Los gobernantes deberían conocer el pasaje del libro de la Sabiduría (6, 1 ss), en donde se les señala que han recibido el dominio de mano del Altísimo como ministros de su reino y han evitado cumplir su voluntad, no han juzgado con rectitud. “Él se presentará ante ustedes de manera terrible y repentina porque los que gobiernan serán juzgados con severidad”.
Parece que, en el tema político, pasamos el tiempo en permanente litigio; a veces con insultos y sarcasmos, con permanentes suspicacias.
El buen estadista, el buen político, reconoce sus límites, escucha, se deja ayudar, busca el bien de la ‘Polis’, más allá de sus intereses personales o de partido, porque promueve efectivamente el bien de todos y cada uno de los gobernados.

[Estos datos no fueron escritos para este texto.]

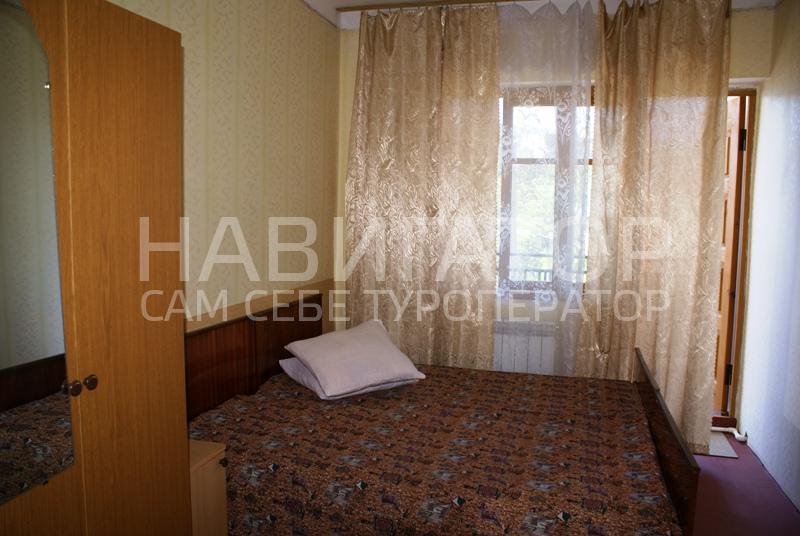 ЮЖАНКА - мини-гостиница в Вардане ЮЖАНКА - мини-гостиница в Вардане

Hemos de ser precavidos con los ‘agoreros’ que utilizan el nombre de Dios para legitimar su opción política; la fe cristiana y católica no se identifica con ninguna ideología de partido; por supuesto que los valores que nos ofrece el Evangelio cristalizados en la Doctrina Social de la Iglesia, pueden inspirar y orientar, para que en la vida social y política exista un humanismo verdaderamente objetivo, defensor de la identidad y grandeza de la persona humana.
En una sociedad enfrentada, violenta y plural, hemos de ser humildes y buscar siempre ‘el bien posible’.
‘Dar al César lo que es del Cesar y a Dios lo que es de Dios’, implica sí la separación del Estado y de la Iglesia, pero darle al Estado el nivel de servidor de todos y no de absoluto que pisotee la imagen de Dios, impresa en la dignidad de la persona humana.
Actuemos con responsabilidad y sensatez política. El César, -el Estado, y Dios, son autoridades de rango distinto.
El gobernante lejos de mentiras, de imaginaciones falsas de absoluto, de proyectos faraónicos, que recuerde, que los pobres de hecho que rayan la miseria no querida por Dios, tienen la carga de sus propias vidas, como lo señala Jon Sobrino, que a veces no pueden vivir ni con el mínimo de su dignidad.